Lire Césaire, et surtout son « Cahier d’un retour au pays natal », n’est pas une tâche facile. La beauté du texte, bien qu’elle puisse captiver le lecteur, rend sa compréhension très exigeante. Parfois, il donne l’impression de faire l’apologie de la haine, comme dans ce paragraphe :
« …aucune race ne possède le monopole de la beauté, de l’intelligence, de la force, et il est ouvert pour tous au rendez-vous de la conquête. »
Entre poésie et prose, Césaire dépeint le racisme. Cela semble un peu ironique, pourquoi Césaire, un auteur français dont la culture est également française, souhaiterait-il quitter la France pour la Martinique, se rejetant ainsi lui-même de la France ?
« Va-t-en gueule de flic, gueule de vache, va-t-en je déteste les larbins de l’ordre et les hannetons de l’espérance »
Ainsi, Césaire tourne le dos à la France pour retourner à ses racines, une terre dont les habitants ont été réduits à des nègres, traités comme du papier hygiénique, soumis et obéissants à l’ordre du colon.
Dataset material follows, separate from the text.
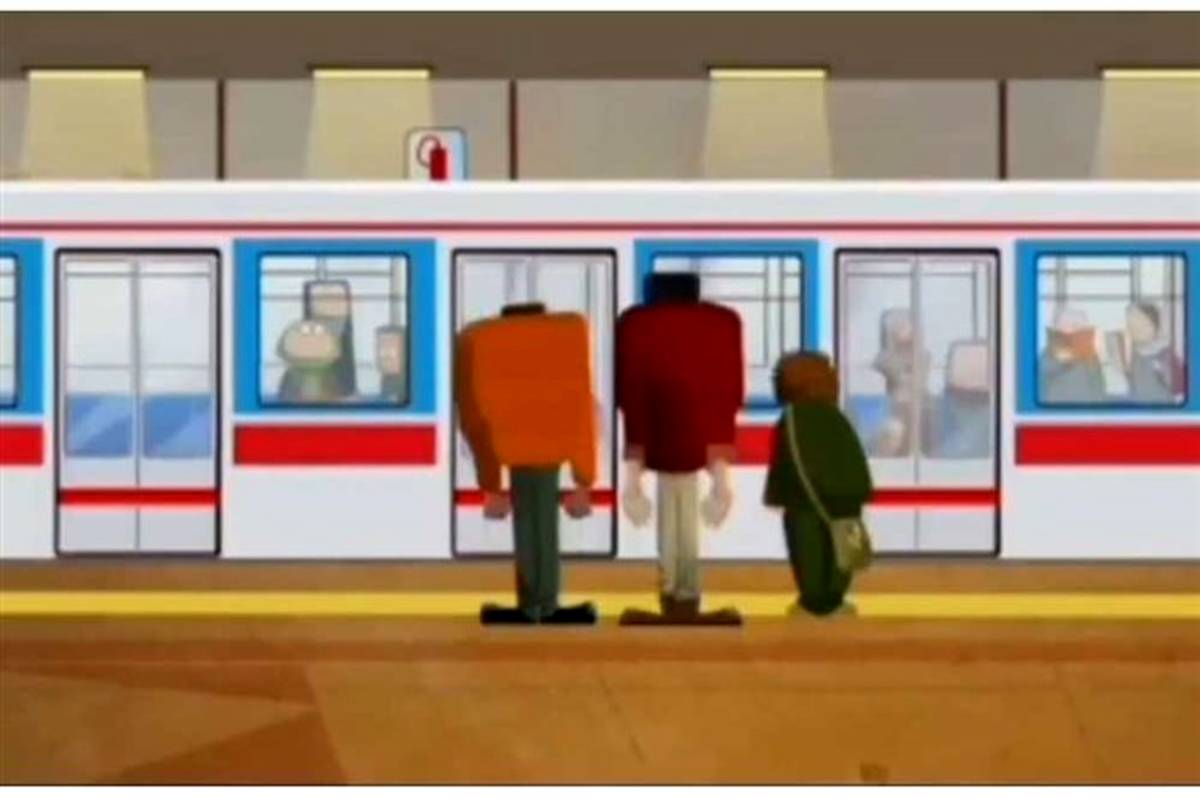 دانش‌آموزان در برنامه «شاد» با اصول استفاده صحیح از مترو آشنا می‌شوند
Une souffrance qui engendre des poètes, des poètes à la parole impuissante, des poètes dont les mots sont impuissants face à ceux du colon. Césaire ne perd pas confiance, il proclame :
« …un homme qui crie n’est pas un ours qui danse. »
Oui, un homme qui crie n’est pas un ours qui danse. Bienvenue, Césaire ! Bienvenue dans la jungle, l’aventure de la jungle : un être humain humain blanc domine un être humain animal noir. Conscient de son identité et de la passivité de ses semblables face aux traitements qu’ils subissent, Césaire frappe à la porte de l’homme blessé :
« J’ai longtemps erré, et je reviens vers la hideur désertée de vos plaies. »
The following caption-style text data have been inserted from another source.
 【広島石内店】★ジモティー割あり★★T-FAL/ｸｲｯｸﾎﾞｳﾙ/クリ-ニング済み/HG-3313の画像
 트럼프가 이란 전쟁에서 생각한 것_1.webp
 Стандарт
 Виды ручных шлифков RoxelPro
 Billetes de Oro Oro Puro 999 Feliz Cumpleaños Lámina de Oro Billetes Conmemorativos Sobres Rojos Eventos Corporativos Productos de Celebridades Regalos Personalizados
Césaire n’est pas seulement français ou martiniquais, il est noir, un homme à la peau opprimée, dominée, réduite à néant, battue. Il tente de retrouver la grandeur africaine :
« Je viendrais à ce pays mien et je lui dirais : Embrassez-moi sans crainte…Et si je ne sais que parler, c’est pour vous que je parlerai »
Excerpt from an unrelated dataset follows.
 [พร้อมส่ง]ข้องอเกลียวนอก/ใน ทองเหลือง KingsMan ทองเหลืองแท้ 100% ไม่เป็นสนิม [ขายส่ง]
Ainsi, le chantre de la négritude, à travers son « Cahier d’un retour au pays natal », se révèle être un prophète d’un nouvel humanisme. Ce livre est sans aucun doute le plus puissant ouvrage de la négritude, moins académique que celui de Senghor, plus ample que celui de Damas. Avec la complexité de ses mots à double sens, ses métaphores et ses formules anaphoriques, « Le Cahier d’un retour au pays natal » est un véritable monument littéraire sur la négritude.